== WHAT THE EXERCISE ASKS ==
For the entries below, the expected answer is the line with "Westward 1LCR5 Ratcheting", the line with "schindler-LONBIO16-circuit-board-(new)-2", and every line between them, exactly as written, and nothing more.

(Extracted records)
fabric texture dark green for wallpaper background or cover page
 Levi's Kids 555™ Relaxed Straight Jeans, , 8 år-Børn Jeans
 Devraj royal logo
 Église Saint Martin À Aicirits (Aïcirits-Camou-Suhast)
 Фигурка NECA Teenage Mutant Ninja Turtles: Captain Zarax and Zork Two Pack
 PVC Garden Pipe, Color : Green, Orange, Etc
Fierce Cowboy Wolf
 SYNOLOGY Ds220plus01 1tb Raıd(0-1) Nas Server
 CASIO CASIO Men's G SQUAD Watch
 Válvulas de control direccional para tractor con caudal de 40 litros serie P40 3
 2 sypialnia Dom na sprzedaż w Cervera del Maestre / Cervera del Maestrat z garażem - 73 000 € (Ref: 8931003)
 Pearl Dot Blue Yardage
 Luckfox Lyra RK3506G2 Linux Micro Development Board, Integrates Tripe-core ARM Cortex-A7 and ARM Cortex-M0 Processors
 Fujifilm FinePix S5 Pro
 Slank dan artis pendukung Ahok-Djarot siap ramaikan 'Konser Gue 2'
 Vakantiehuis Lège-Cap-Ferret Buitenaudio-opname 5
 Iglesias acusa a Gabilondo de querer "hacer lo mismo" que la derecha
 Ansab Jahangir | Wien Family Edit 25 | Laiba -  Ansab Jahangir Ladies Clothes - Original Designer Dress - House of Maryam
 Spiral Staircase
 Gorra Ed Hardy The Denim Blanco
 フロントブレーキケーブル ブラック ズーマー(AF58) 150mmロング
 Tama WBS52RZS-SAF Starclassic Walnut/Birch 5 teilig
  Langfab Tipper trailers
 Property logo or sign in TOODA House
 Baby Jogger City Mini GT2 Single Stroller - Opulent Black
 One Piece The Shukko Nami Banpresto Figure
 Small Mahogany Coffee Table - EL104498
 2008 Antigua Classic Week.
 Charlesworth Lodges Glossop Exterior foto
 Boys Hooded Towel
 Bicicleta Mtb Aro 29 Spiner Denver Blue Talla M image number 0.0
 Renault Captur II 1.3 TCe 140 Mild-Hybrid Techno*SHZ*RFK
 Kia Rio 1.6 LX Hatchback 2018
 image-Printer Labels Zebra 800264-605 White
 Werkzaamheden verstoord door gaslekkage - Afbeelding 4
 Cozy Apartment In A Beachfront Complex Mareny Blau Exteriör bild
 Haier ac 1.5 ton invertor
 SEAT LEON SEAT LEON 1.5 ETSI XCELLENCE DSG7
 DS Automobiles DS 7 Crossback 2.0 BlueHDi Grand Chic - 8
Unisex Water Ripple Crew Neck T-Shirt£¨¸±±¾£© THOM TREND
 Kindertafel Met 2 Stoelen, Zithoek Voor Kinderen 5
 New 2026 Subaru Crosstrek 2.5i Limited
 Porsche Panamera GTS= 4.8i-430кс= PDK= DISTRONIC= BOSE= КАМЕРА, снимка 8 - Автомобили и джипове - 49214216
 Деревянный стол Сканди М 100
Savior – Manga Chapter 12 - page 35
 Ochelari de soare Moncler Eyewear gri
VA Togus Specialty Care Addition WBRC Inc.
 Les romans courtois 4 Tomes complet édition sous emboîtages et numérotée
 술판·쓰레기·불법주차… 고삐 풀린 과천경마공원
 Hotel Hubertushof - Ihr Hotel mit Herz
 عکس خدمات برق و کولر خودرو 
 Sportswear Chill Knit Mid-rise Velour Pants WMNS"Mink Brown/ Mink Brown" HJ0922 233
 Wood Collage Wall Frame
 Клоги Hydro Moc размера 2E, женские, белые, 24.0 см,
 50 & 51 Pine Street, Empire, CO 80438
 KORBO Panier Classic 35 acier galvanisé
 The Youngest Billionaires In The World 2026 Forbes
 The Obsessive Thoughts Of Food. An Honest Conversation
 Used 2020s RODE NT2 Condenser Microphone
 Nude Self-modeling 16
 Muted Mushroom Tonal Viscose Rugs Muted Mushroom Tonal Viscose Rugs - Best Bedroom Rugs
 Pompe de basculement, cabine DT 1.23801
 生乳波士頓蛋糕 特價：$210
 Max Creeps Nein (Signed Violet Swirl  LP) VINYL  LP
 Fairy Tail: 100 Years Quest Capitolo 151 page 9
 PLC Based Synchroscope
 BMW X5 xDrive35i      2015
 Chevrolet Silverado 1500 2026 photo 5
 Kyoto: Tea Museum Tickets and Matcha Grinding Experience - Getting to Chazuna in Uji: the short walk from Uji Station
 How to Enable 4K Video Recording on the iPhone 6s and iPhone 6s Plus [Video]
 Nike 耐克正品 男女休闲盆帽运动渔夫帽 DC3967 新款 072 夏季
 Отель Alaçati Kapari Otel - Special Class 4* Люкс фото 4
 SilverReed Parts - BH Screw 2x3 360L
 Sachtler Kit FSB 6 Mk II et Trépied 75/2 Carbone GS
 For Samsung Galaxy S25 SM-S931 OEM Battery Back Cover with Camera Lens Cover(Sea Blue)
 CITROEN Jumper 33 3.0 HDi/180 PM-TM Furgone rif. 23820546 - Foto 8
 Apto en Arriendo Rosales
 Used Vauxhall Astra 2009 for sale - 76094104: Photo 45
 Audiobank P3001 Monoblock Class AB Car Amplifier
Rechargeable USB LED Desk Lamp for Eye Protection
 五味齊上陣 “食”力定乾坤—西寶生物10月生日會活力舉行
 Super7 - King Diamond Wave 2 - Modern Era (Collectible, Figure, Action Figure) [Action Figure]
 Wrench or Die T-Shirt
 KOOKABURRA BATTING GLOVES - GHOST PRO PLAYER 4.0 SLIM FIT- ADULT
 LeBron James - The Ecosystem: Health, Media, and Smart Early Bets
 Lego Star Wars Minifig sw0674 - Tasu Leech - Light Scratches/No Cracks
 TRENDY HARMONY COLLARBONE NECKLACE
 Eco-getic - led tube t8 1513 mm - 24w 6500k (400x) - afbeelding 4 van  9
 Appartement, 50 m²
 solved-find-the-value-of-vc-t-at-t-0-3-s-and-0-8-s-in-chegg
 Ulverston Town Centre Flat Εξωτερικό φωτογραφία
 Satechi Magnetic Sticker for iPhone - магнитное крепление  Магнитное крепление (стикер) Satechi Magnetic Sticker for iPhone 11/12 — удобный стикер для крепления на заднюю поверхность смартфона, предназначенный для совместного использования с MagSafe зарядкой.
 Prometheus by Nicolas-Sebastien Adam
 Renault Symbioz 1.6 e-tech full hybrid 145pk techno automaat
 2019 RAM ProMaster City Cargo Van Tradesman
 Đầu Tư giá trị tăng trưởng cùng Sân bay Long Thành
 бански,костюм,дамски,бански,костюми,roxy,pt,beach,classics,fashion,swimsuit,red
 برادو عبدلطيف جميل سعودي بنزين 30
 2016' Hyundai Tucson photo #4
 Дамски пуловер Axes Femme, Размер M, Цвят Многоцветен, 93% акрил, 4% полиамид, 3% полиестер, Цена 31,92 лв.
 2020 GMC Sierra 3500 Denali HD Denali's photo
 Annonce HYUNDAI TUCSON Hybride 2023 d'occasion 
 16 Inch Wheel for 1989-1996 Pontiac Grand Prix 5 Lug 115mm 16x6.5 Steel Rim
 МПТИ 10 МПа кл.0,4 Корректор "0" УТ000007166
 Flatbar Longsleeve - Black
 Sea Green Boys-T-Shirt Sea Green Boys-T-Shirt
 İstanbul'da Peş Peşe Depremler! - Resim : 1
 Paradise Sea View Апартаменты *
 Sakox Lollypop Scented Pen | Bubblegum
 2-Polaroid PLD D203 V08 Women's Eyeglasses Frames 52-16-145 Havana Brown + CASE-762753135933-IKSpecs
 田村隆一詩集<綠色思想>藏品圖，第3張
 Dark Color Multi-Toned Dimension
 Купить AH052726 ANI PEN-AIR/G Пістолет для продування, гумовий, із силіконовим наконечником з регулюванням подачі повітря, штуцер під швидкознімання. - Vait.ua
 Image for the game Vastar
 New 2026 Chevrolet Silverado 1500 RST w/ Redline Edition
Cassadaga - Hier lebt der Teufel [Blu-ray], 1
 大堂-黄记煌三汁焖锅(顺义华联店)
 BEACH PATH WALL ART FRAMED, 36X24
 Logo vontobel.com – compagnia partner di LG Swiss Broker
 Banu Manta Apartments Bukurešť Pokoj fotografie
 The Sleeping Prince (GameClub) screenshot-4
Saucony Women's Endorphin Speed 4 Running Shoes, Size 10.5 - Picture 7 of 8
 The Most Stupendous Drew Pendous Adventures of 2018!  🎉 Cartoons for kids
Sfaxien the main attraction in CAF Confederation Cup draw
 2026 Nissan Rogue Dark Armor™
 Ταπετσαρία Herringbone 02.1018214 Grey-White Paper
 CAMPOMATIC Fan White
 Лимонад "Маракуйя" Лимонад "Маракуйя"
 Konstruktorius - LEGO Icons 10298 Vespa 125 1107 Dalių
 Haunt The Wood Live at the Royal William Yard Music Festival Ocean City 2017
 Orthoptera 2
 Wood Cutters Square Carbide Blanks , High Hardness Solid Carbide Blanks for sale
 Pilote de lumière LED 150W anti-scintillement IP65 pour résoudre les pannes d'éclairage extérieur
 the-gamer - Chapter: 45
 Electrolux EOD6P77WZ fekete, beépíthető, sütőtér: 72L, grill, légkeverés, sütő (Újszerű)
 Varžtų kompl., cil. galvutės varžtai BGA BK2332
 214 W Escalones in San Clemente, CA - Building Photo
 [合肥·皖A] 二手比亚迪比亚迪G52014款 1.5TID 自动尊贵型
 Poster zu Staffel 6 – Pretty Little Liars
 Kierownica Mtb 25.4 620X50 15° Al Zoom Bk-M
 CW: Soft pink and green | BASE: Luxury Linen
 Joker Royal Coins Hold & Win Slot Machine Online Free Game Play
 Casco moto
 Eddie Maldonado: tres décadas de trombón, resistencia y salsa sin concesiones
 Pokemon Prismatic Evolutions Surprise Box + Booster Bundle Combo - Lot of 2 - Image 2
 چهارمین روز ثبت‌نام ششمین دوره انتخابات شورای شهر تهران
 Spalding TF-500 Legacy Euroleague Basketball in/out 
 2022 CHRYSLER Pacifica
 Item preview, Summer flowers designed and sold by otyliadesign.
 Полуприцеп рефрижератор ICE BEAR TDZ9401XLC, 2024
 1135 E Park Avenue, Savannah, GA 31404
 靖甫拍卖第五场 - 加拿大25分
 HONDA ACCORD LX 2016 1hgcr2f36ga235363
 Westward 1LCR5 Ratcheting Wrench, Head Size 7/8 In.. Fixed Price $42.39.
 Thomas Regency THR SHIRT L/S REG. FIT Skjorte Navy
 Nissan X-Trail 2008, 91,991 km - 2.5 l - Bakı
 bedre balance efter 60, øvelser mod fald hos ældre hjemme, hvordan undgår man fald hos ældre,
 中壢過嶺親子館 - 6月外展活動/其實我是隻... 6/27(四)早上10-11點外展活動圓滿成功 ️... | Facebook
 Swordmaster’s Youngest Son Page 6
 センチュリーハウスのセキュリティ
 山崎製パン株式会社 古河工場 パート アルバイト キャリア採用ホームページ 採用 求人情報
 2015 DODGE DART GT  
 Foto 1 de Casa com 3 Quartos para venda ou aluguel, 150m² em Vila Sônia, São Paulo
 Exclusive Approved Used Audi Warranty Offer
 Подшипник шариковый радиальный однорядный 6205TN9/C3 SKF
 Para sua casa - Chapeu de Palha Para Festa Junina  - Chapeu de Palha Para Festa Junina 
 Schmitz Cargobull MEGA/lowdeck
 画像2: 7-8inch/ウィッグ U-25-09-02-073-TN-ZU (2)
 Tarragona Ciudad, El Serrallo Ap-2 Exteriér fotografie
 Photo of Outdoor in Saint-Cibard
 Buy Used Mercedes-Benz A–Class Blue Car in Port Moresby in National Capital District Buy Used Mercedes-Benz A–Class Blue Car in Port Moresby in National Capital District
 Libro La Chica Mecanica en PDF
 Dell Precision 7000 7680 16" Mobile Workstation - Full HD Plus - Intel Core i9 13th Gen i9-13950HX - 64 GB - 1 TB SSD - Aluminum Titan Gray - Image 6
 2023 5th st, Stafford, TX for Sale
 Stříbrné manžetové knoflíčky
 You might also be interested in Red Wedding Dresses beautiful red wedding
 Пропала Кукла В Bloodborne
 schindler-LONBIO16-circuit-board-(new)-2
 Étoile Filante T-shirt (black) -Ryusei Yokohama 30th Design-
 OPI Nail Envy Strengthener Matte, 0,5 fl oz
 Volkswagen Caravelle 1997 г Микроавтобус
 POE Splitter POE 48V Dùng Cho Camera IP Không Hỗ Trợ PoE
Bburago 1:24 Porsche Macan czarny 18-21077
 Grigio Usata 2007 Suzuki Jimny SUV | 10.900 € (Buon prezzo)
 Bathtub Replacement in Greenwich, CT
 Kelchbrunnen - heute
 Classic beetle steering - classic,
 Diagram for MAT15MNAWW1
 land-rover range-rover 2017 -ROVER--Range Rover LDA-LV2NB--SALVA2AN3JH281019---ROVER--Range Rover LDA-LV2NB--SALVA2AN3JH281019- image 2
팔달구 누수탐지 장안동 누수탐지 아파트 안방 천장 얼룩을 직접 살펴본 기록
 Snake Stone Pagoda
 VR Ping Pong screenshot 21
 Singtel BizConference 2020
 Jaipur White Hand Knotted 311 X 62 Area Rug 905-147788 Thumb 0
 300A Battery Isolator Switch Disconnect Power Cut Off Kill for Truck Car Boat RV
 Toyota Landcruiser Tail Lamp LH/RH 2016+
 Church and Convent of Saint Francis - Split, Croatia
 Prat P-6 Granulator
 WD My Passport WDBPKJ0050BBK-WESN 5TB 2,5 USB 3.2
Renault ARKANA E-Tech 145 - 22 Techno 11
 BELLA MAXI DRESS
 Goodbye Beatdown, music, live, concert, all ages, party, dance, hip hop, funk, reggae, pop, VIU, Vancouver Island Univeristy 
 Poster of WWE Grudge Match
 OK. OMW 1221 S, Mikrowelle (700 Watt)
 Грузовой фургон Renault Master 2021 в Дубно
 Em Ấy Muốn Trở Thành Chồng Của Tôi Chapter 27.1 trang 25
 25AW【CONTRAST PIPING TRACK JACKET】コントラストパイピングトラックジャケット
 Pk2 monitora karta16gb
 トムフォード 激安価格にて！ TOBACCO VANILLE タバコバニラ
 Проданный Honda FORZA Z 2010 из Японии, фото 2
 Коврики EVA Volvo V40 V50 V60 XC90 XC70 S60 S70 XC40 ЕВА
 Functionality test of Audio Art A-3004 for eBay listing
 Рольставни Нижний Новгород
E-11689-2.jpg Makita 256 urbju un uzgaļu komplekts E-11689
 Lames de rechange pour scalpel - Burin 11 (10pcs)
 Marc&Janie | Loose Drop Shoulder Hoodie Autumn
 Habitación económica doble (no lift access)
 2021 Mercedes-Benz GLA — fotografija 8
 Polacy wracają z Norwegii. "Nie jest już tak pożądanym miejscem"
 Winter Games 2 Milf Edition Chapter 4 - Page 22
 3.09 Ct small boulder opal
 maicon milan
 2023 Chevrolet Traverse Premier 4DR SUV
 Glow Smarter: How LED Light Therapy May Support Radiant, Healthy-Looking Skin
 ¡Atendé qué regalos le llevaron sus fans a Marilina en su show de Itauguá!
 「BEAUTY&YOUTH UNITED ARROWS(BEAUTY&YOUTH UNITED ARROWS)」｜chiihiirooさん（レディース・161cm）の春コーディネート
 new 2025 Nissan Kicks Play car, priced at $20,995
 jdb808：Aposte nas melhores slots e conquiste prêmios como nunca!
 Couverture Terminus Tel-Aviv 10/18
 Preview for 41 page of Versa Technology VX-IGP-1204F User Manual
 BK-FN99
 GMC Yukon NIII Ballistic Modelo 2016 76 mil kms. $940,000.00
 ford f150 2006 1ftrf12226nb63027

== RESULT OF THE TASK ==
 Westward 1LCR5 Ratcheting Wrench, Head Size 7/8 In.. Fixed Price $42.39.
 Thomas Regency THR SHIRT L/S REG. FIT Skjorte Navy
 Nissan X-Trail 2008, 91,991 km - 2.5 l - Bakı
 bedre balance efter 60, øvelser mod fald hos ældre hjemme, hvordan undgår man fald hos ældre,
 中壢過嶺親子館 - 6月外展活動/其實我是隻... 6/27(四)早上10-11點外展活動圓滿成功 ️... | Facebook
 Swordmaster’s Youngest Son Page 6
 センチュリーハウスのセキュリティ
 山崎製パン株式会社 古河工場 パート アルバイト キャリア採用ホームページ 採用 求人情報
 2015 DODGE DART GT  
 Foto 1 de Casa com 3 Quartos para venda ou aluguel, 150m² em Vila Sônia, São Paulo
 Exclusive Approved Used Audi Warranty Offer
 Подшипник шариковый радиальный однорядный 6205TN9/C3 SKF
 Para sua casa - Chapeu de Palha Para Festa Junina  - Chapeu de Palha Para Festa Junina 
 Schmitz Cargobull MEGA/lowdeck
 画像2: 7-8inch/ウィッグ U-25-09-02-073-TN-ZU (2)
 Tarragona Ciudad, El Serrallo Ap-2 Exteriér fotografie
 Photo of Outdoor in Saint-Cibard
 Buy Used Mercedes-Benz A–Class Blue Car in Port Moresby in National Capital District Buy Used Mercedes-Benz A–Class Blue Car in Port Moresby in National Capital District
 Libro La Chica Mecanica en PDF
 Dell Precision 7000 7680 16" Mobile Workstation - Full HD Plus - Intel Core i9 13th Gen i9-13950HX - 64 GB - 1 TB SSD - Aluminum Titan Gray - Image 6
 2023 5th st, Stafford, TX for Sale
 Stříbrné manžetové knoflíčky
 You might also be interested in Red Wedding Dresses beautiful red wedding
 Пропала Кукла В Bloodborne
 schindler-LONBIO16-circuit-board-(new)-2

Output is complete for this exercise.